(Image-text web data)

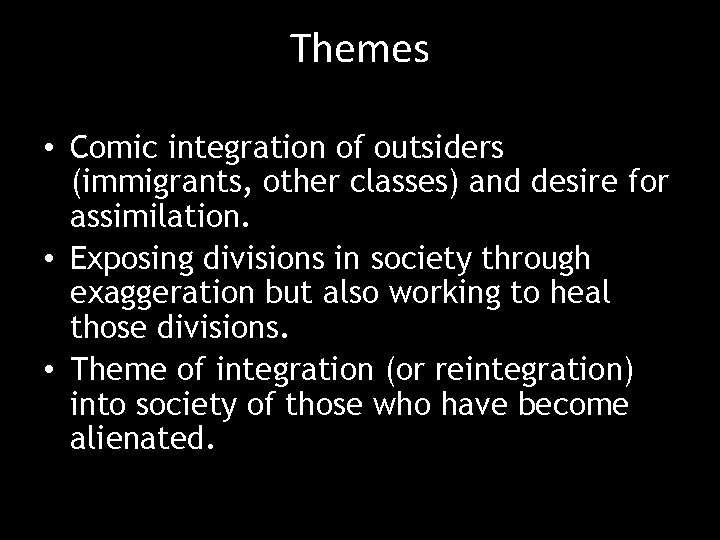 Themes • Comic integration of outsiders (immigrants, other classes) and desire for assimilation. •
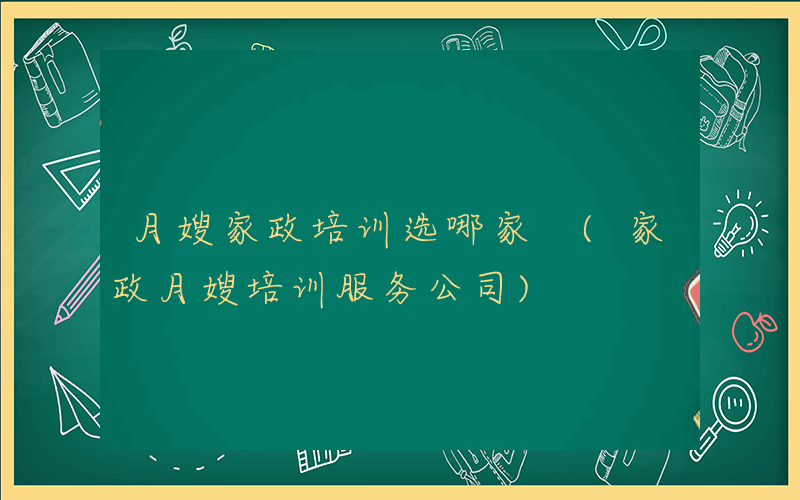 月嫂家政培训选哪家 (家政月嫂培训服务公司)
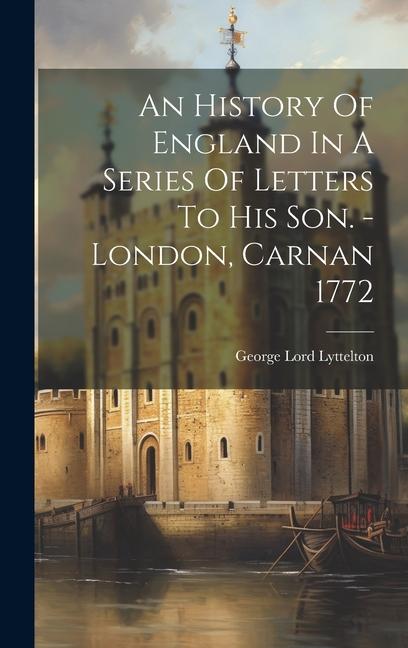 An History Of England In A Series Of Letters To His Son. - London Carnan 1772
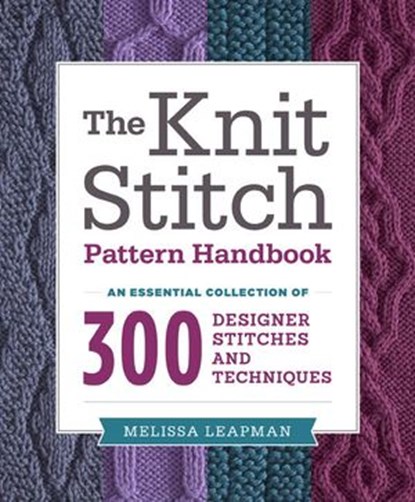 The Knit Stitch Pattern Handbook, Melissa Leapman - Ebook - 9780449819913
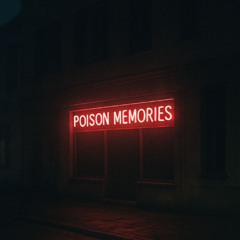 Poison Memories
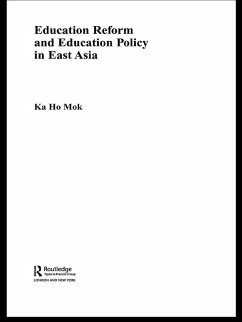 Education Reform and Education Policy in East Asia (eBook, PDF) - Mok, Ka-Ho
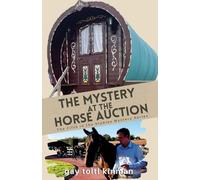 The Mystery At The Horse Auction: The Fifth in the Stables Mystery Series: 5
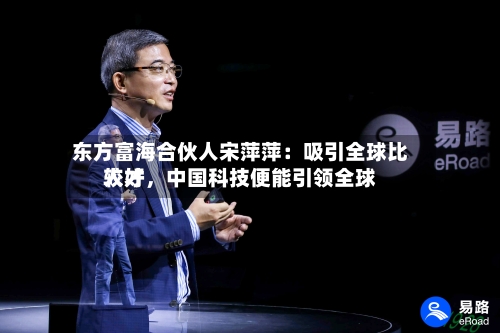 东方富海合伙人宋萍萍：吸引全球比较好人才，中国科技便能引领全球-第3张图片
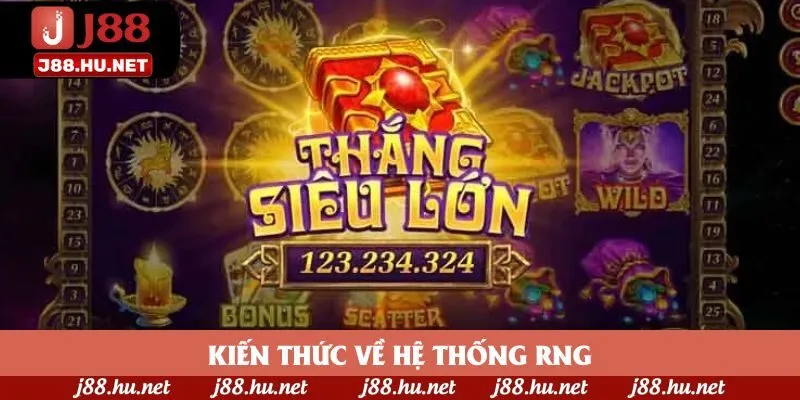 Kiến thức về hệ thống RNG Kiến thức về hệ thống RNG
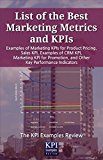 List of the Best Marketing Metrics and KPIs: Examples of Marketing KPIs for Product Pricing, Sales KPI, Examples of CRM KPI, Marketing KPI for Promotion, and Other Key Performance Indicators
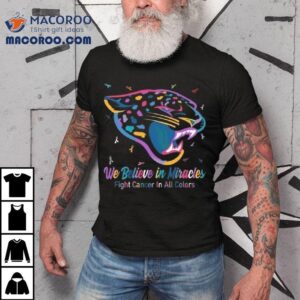 Jacksonville Jaguars We Believe In Miracles Fight Cancer In All Colors Shirt 3 Jacksonville Jaguars We Believe In Miracles Fight Cancer In All Colors Tshirt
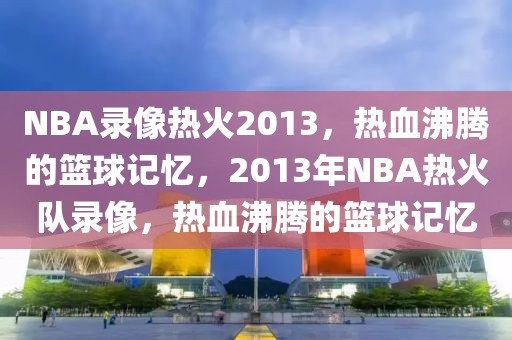 NBA录像热火2013，热血沸腾的篮球记忆，2013年NBA热火队录像，热血沸腾的篮球记忆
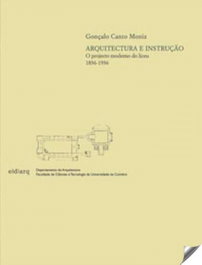 EDARQ, Arquitectura e instruçao: projecto moderno do liceu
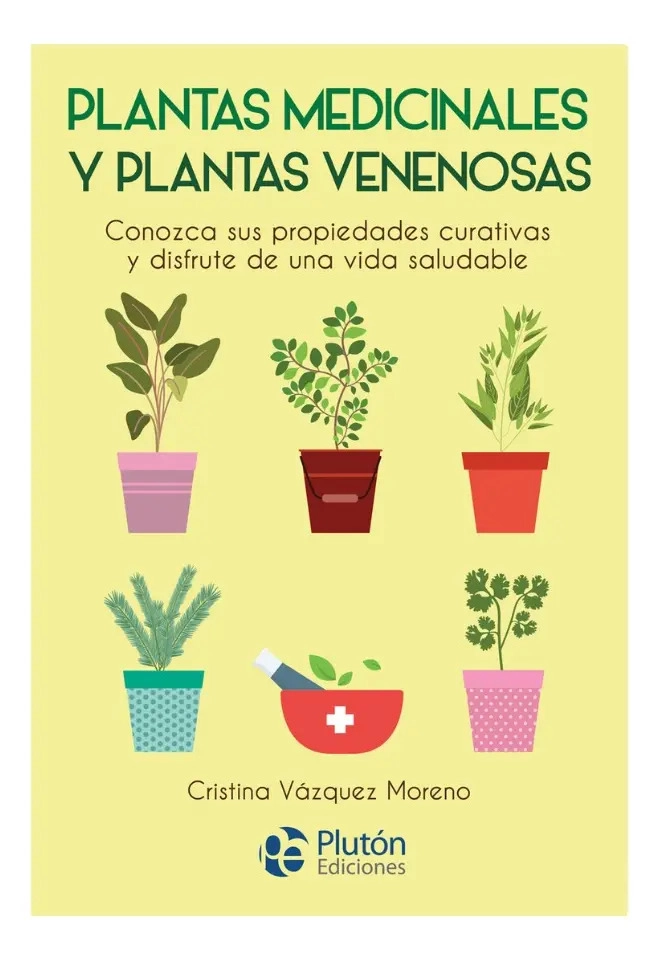 PLANTAS MEDICINALES Y PLANTAS VENENOSAS - CRISTINA VAZQUEZ - 1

* **WHAT TO PRODUCE**
Copy word for word the span of the records above that begins at the line with "The Mystery At" and ends at the line with "EDARQ, Arquitectura e", including those two lines but not the pictures.

* **TASK RESPONSE**
 The Mystery At The Horse Auction: The Fifth in the Stables Mystery Series: 5
 东方富海合伙人宋萍萍：吸引全球比较好人才，中国科技便能引领全球-第3张图片
 Kiến thức về hệ thống RNG Kiến thức về hệ thống RNG
 List of the Best Marketing Metrics and KPIs: Examples of Marketing KPIs for Product Pricing, Sales KPI, Examples of CRM KPI, Marketing KPI for Promotion, and Other Key Performance Indicators
 Jacksonville Jaguars We Believe In Miracles Fight Cancer In All Colors Shirt 3 Jacksonville Jaguars We Believe In Miracles Fight Cancer In All Colors Tshirt
 NBA录像热火2013，热血沸腾的篮球记忆，2013年NBA热火队录像，热血沸腾的篮球记忆
 EDARQ, Arquitectura e instruçao: projecto moderno do liceu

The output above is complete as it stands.